*** Exercise inputs ***
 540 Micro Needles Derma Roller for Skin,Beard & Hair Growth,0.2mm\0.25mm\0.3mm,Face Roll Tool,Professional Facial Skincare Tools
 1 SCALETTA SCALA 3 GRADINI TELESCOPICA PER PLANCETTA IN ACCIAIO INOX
*** End of Exercise inputs ***
*** Exercise inputs ***
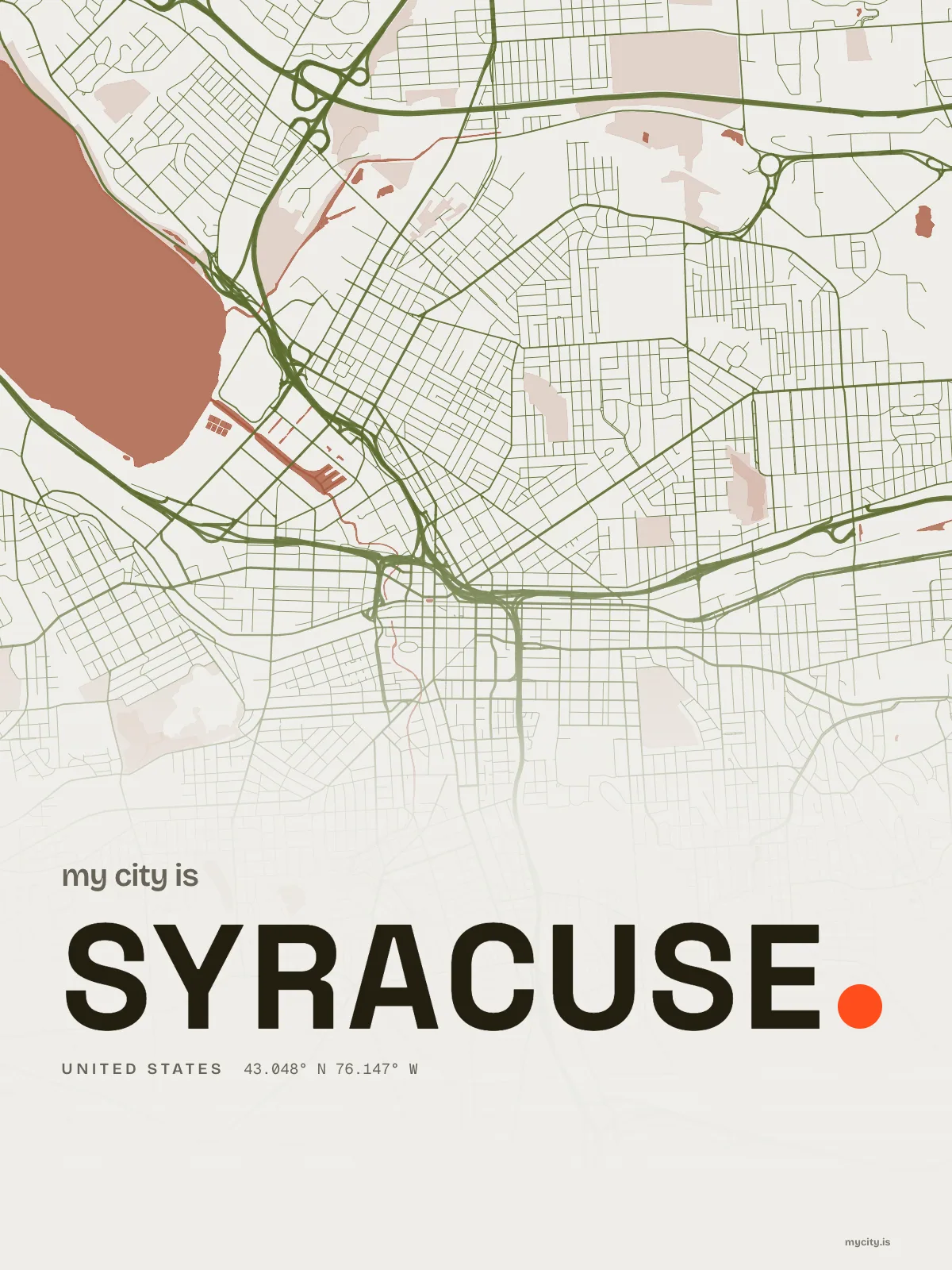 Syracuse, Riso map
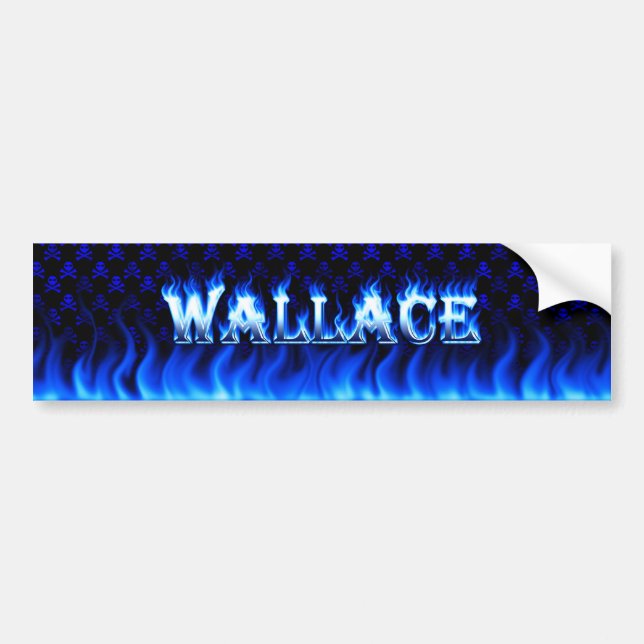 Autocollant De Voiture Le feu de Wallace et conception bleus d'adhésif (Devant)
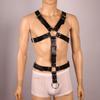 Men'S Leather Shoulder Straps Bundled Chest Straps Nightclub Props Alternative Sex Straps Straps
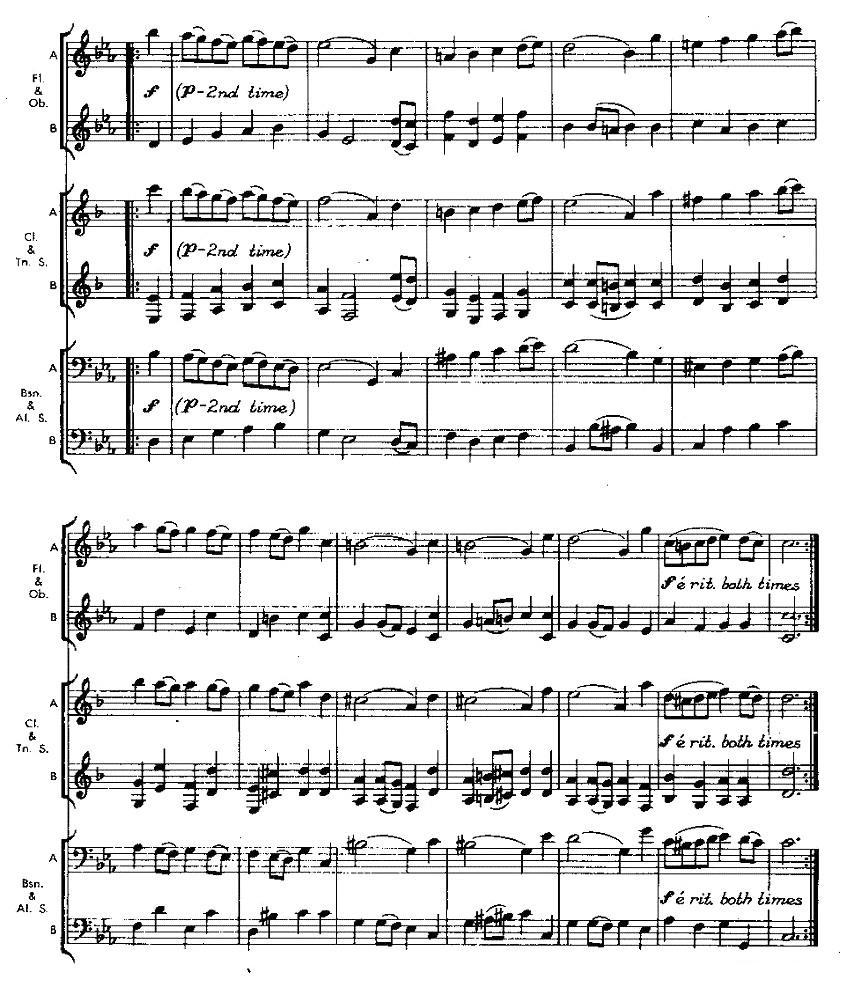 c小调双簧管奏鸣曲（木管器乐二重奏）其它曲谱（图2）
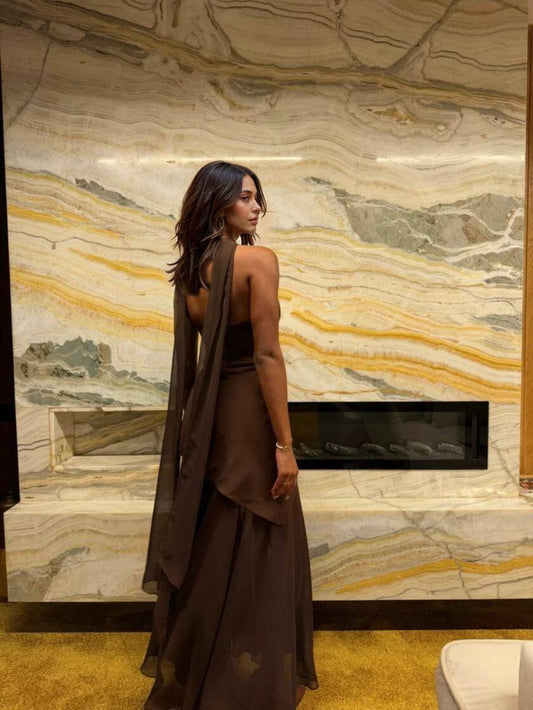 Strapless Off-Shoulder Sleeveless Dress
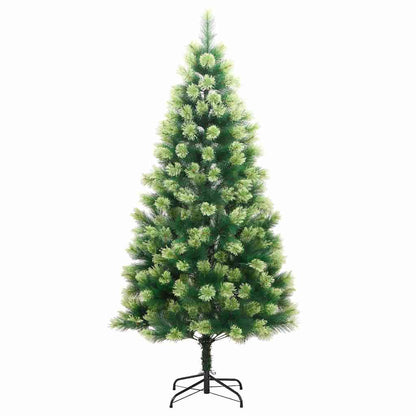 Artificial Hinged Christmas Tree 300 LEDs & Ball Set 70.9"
*** End of Exercise inputs ***
Copy only what runs above from the line containing "c小调双簧管奏鸣曲（木管器乐二重奏）其它曲谱（图2）" through the line containing "Artificial Hinged Christmas", exactly. Leave out the pictures.

_Response area_
 c小调双簧管奏鸣曲（木管器乐二重奏）其它曲谱（图2）
 Strapless Off-Shoulder Sleeveless Dress
 Artificial Hinged Christmas Tree 300 LEDs & Ball Set 70.9"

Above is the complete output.